*DIRECTIONS:* Your output should be the lines below from the one with "Qutb tombs area, Mosque" through the one with "Todas las fotos", copied exactly, pictures excluded.

*DATA FOR THIS EXERCISE:*
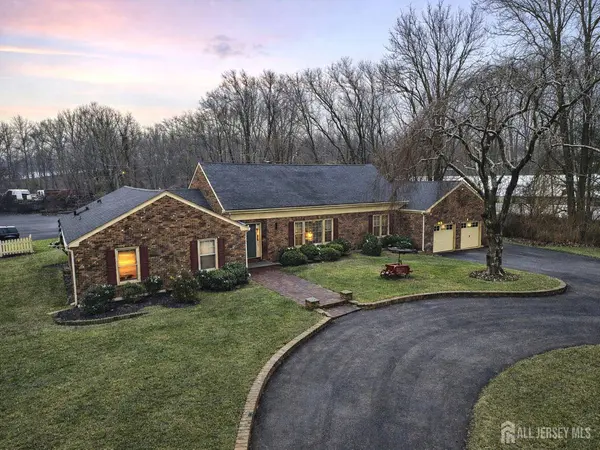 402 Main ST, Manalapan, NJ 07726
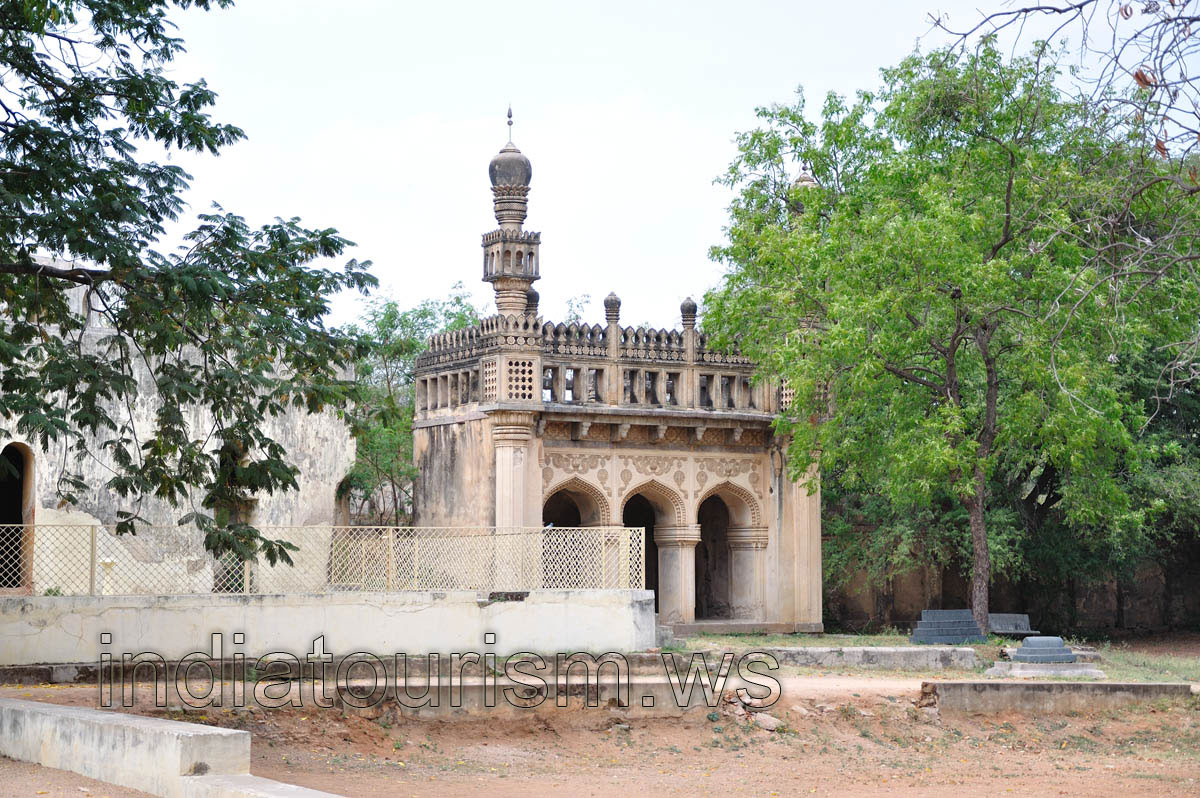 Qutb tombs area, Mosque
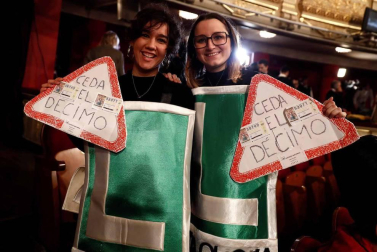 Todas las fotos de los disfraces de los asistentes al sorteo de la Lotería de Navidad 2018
* * *
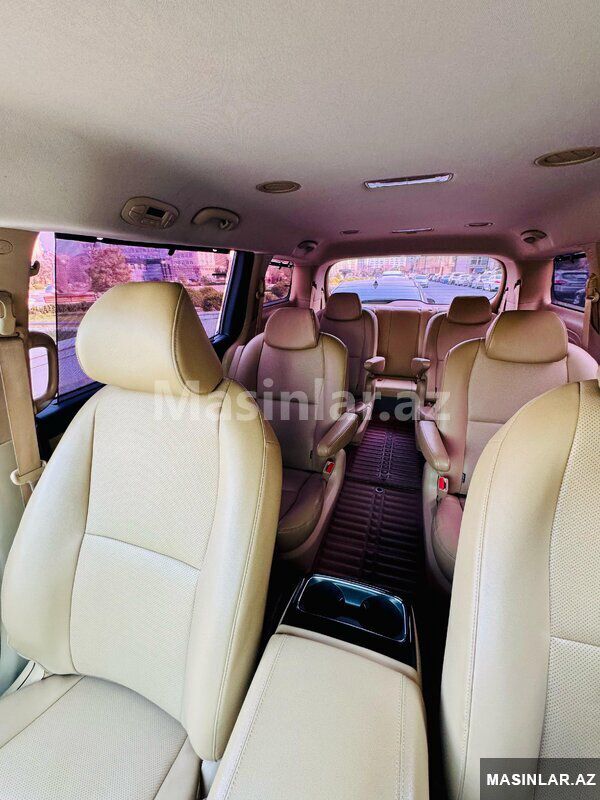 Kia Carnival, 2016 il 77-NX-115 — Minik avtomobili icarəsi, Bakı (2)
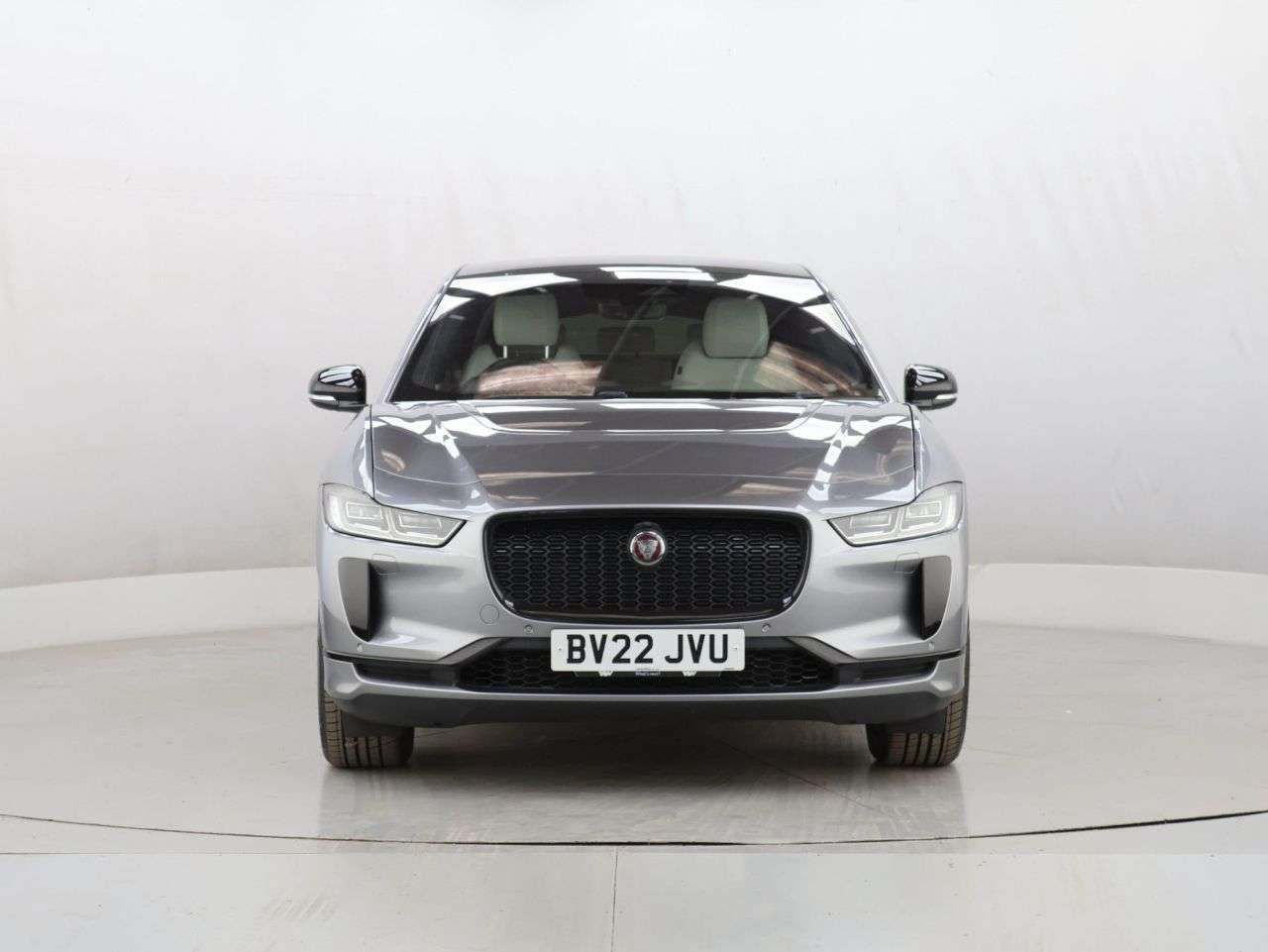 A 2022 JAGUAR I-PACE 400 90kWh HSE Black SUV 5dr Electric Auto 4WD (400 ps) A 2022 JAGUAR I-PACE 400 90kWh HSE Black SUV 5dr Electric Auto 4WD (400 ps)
* * *
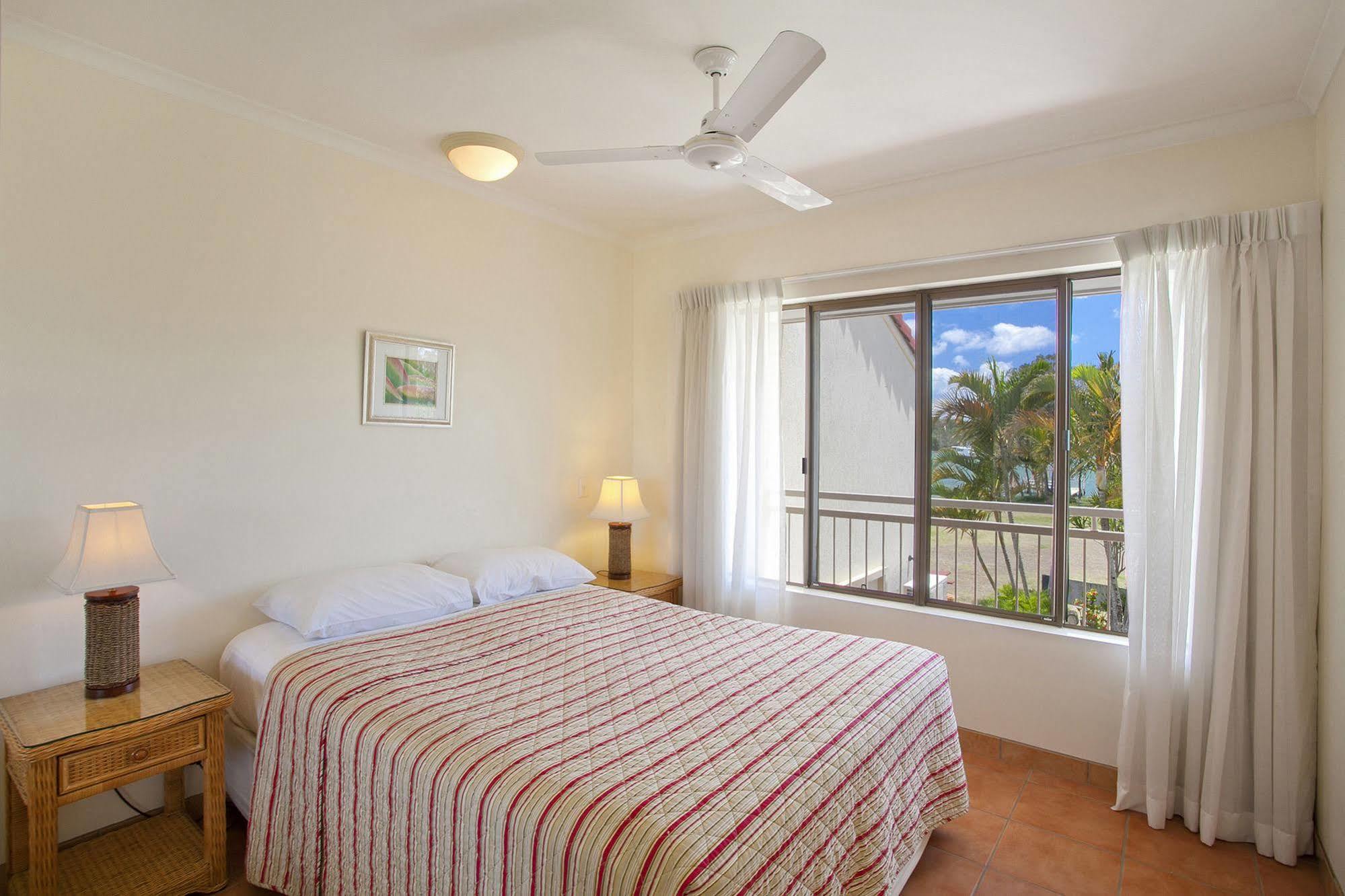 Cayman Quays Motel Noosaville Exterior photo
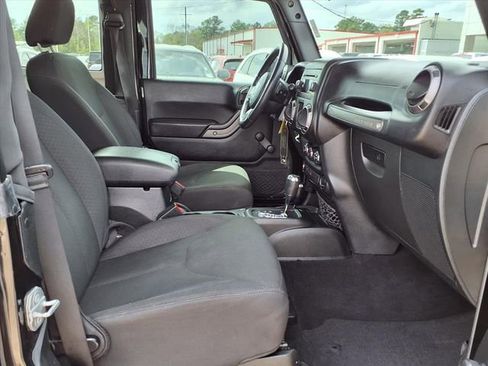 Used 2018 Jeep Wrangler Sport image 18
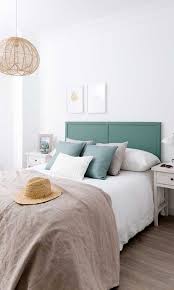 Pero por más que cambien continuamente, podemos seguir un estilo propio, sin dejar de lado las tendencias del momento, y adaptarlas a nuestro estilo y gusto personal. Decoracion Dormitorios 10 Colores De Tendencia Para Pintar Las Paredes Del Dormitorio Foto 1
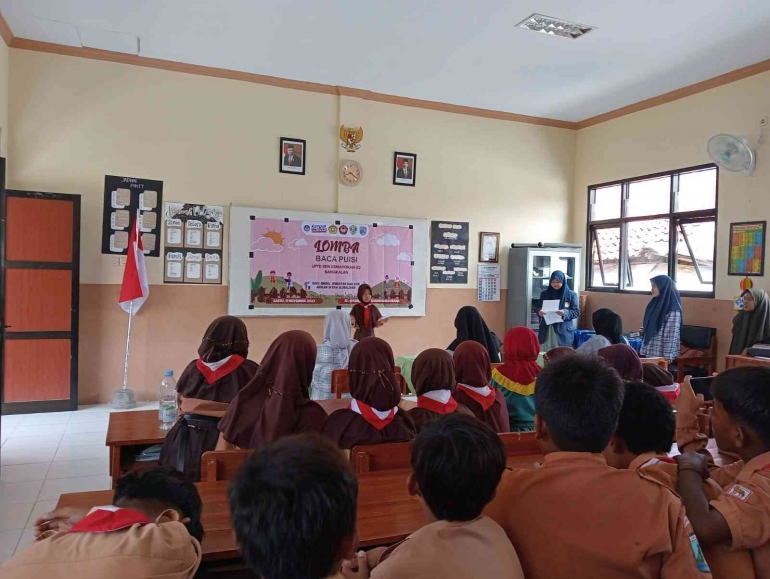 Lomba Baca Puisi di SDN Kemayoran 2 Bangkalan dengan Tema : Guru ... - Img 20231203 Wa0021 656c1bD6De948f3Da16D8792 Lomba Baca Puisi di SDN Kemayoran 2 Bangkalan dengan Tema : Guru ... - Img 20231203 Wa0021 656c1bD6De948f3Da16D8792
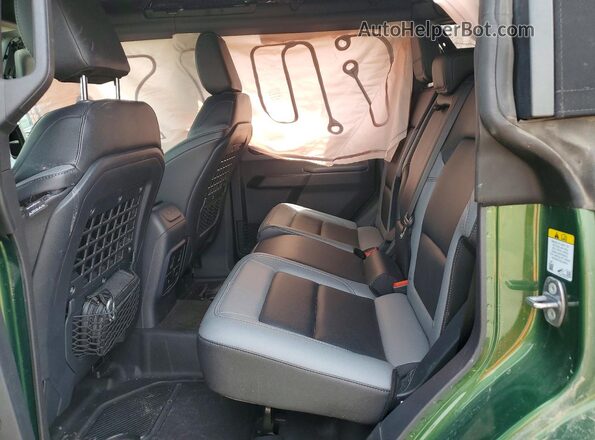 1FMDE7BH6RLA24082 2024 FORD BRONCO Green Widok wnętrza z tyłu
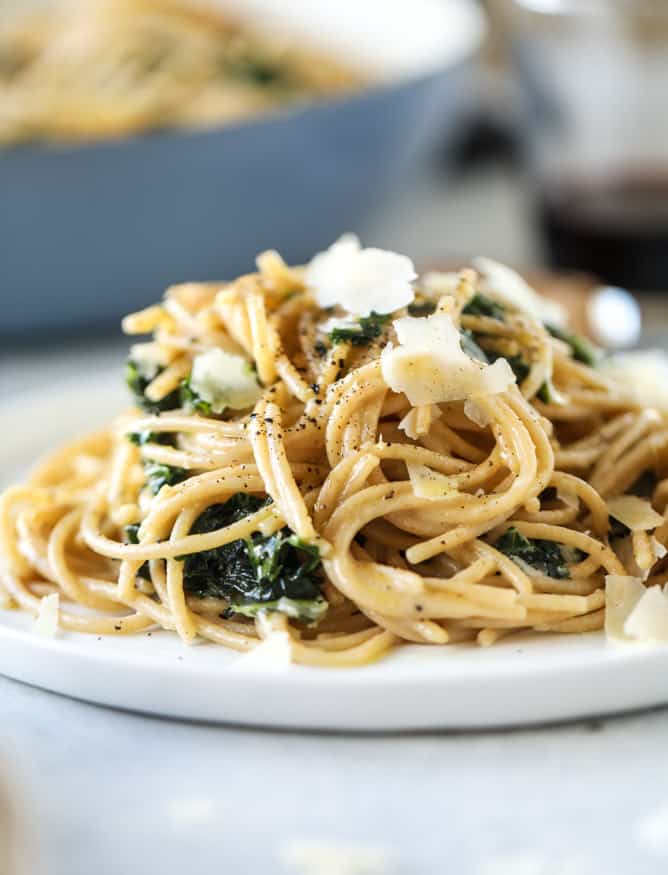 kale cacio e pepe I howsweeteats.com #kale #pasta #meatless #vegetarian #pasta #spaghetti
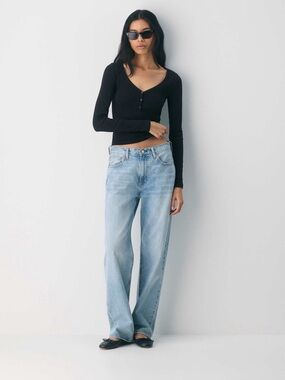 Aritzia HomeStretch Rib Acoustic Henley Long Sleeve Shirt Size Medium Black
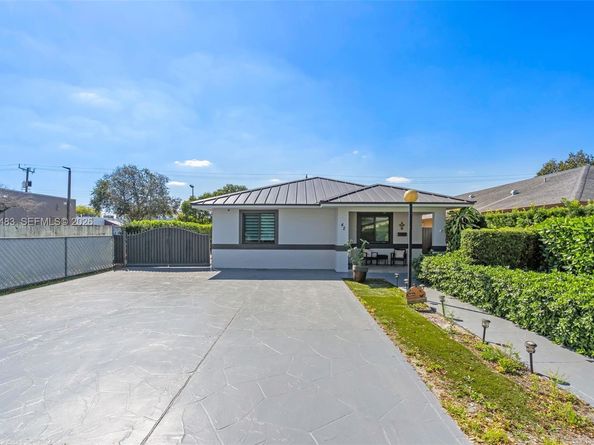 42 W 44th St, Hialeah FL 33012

*REPLY:*
 Qutb tombs area, Mosque
 Todas las fotos de los disfraces de los asistentes al sorteo de la Lotería de Navidad 2018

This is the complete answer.